Niemand meckert öffentlich, nur im Smalltalk wird mehr oder weniger gutmütig über die Zusammensetzung des neuen Landesvorstands gelästert. Was wäre, fragt einer der Delegierten beim Kaffee, wenn Stölzl nicht wäre? Wen hätten wir sonst, der wirklich vorzeigbar wäre? Aber Stölzl ist da, und um halb zwei Uhr kommt auch die Chefin der Bundespartei, Angela Merkel. Diese beiden, Stölzl und Merkel, Schulter an Schulter – das ist das Foto des Tages. Im Blitzlichtgewitter wünscht sie Stölzl alles Gute. Die Bundespartei werde mit dem Landesverband „aufs Engste“ zusammenarbeiten.

Merkel redet eine Stunde, schimpft wie ein Rohrspatz über die Bundesregierung, denn in 120 Tagen ist Bundestagswahl. „Ich soll Sie ganz herzlich von Edmund Stoiber grüßen“, sagt sie noch und eilt wieder davon.
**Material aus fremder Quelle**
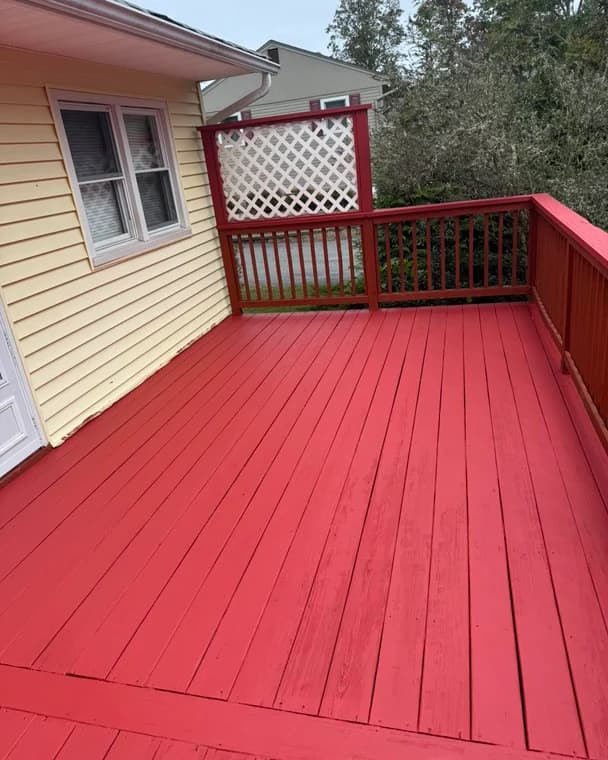 This is an image from Jay's Pro Painting, located in New York. The image shows a bright red freshly painted wooden deck with matching railings next to a yellow-sided house.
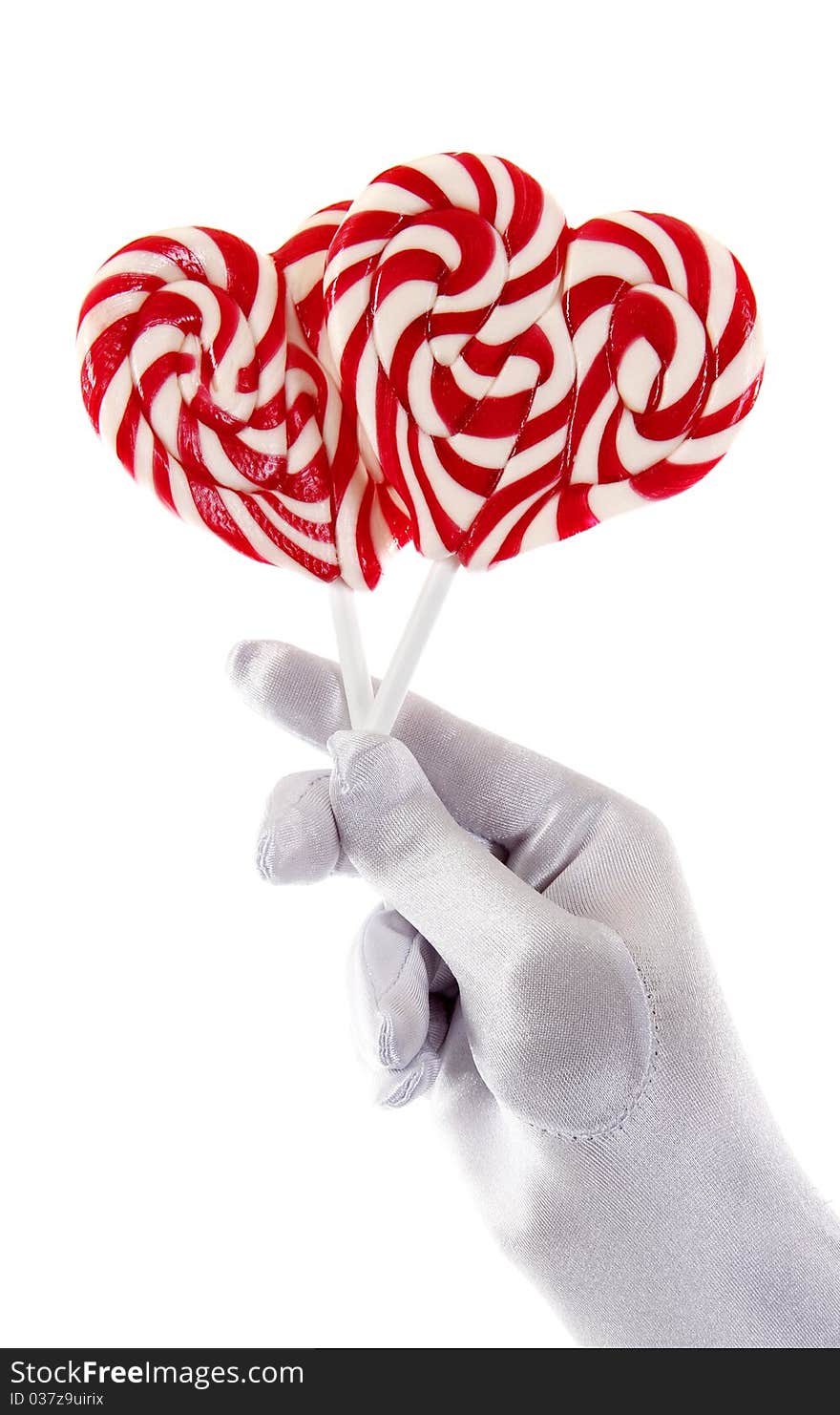 Hand holding candy in the shape of a heart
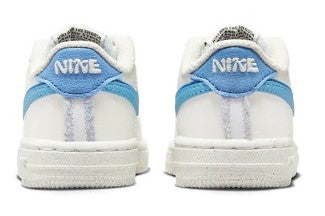 Toddler low-top sneakers, white with light blue heel lining and Nike logo tabs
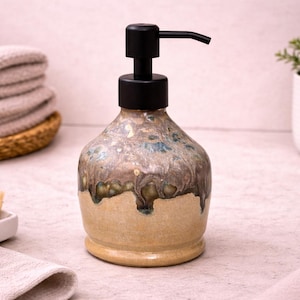 May include: A ceramic soap dispenser with a black pump. The dispenser has a beige base with a textured, glazed finish in shades of brown, blue, and green. The dispenser is on a light-colored surface.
Zuvor muss die Parteichefin aber noch erleben, wie Stölzls neue Generalsekretärin Verena Butalikakis denkbar knapp einer Abstimmungsniederlage entrinnt: mit nur 54,1 Prozent wird sie gewählt. Merkels heiteres Lächeln verschwindet, aber der neue Landeschef lässt sich die gute Laune nicht verderben. „Mehrheit ist Mehrheit“, sagt er nach dem Wahlgang. Ein Historiker findet eben immer ein Zitat, das passt. Dann sagt Günter Nooke, Vizefraktionschef der Union im Bundestag, die einige Tage zuvor angekündigte Kampfkandidatur um einen Vizeposten im CDU-Landesvorstand ab. Das wird fast gleichgültig zur Kenntnis genommen. Der Rest ist Routine. Am späten Nachmittag hat die Berliner CDU neues Führungspersonal.